[DATA SHOWN — start]
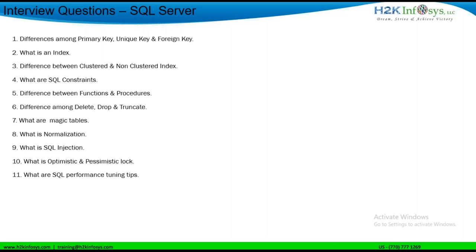DELETE is a DML operation. DROP and TRUNCATE are DDL operations.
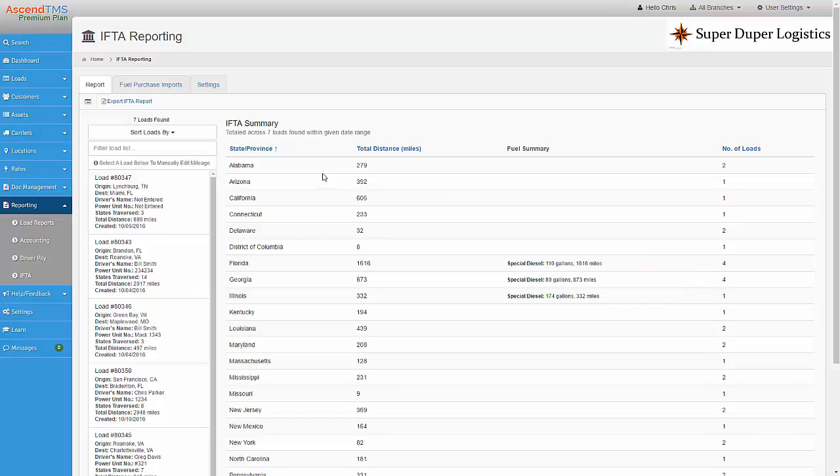The mileage information is coming directly from the loads within Ascend TMS. The fuel information is coming directly from the fuel receipts that I imported. If I need to make any adjustments, I can do so by choosing a load and then editing the distance if necessary.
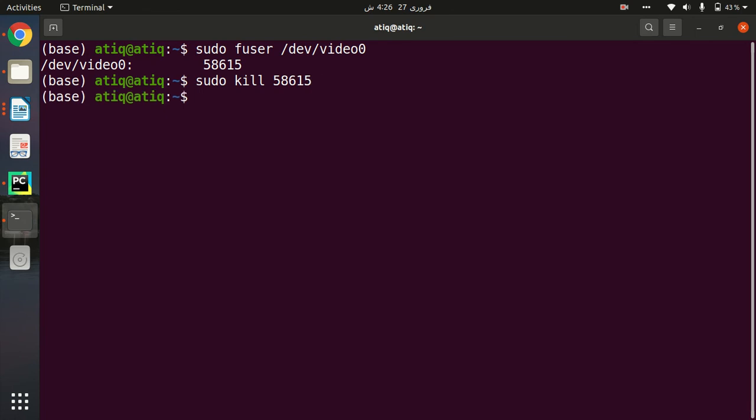Now my camera stopped. So this is how we can stop our webcam running in the background. It's so simple.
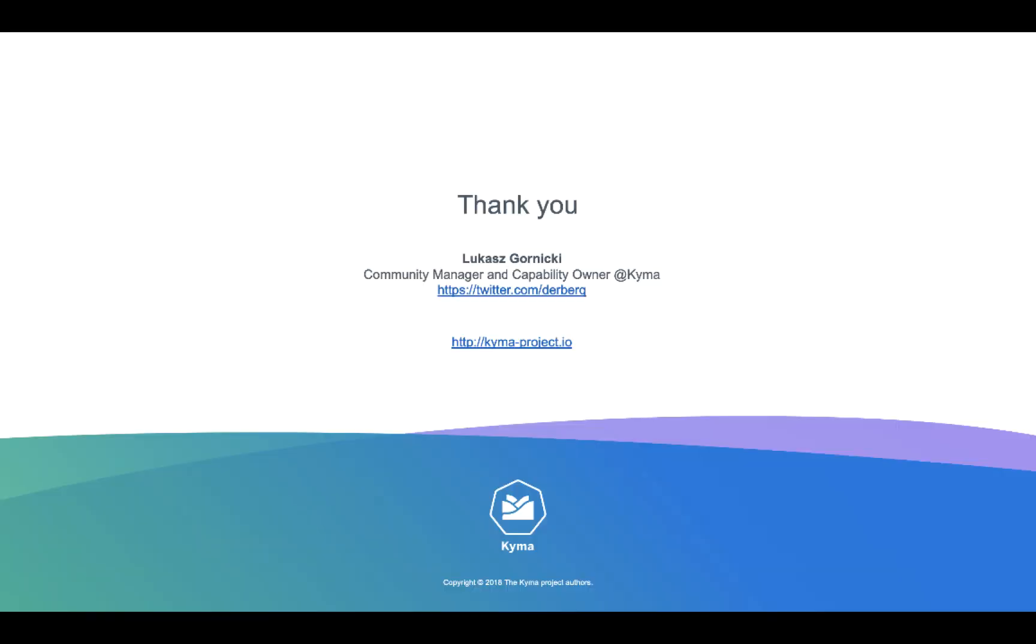Thanks for watching. I'm Łukasz Grunicki, and I invite you for more details to our Kyma Project IO page. Cheers!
[DATA SHOWN — finish]
- **WORK TO COMPLETE**
The data above must be written out again word for word, without its pictures.

- **RESPONSE**
DELETE is a DML operation. DROP and TRUNCATE are DDL operations.
The mileage information is coming directly from the loads within Ascend TMS. The fuel information is coming directly from the fuel receipts that I imported. If I need to make any adjustments, I can do so by choosing a load and then editing the distance if necessary.
Now my camera stopped. So this is how we can stop our webcam running in the background. It's so simple.
Thanks for watching. I'm Łukasz Grunicki, and I invite you for more details to our Kyma Project IO page. Cheers!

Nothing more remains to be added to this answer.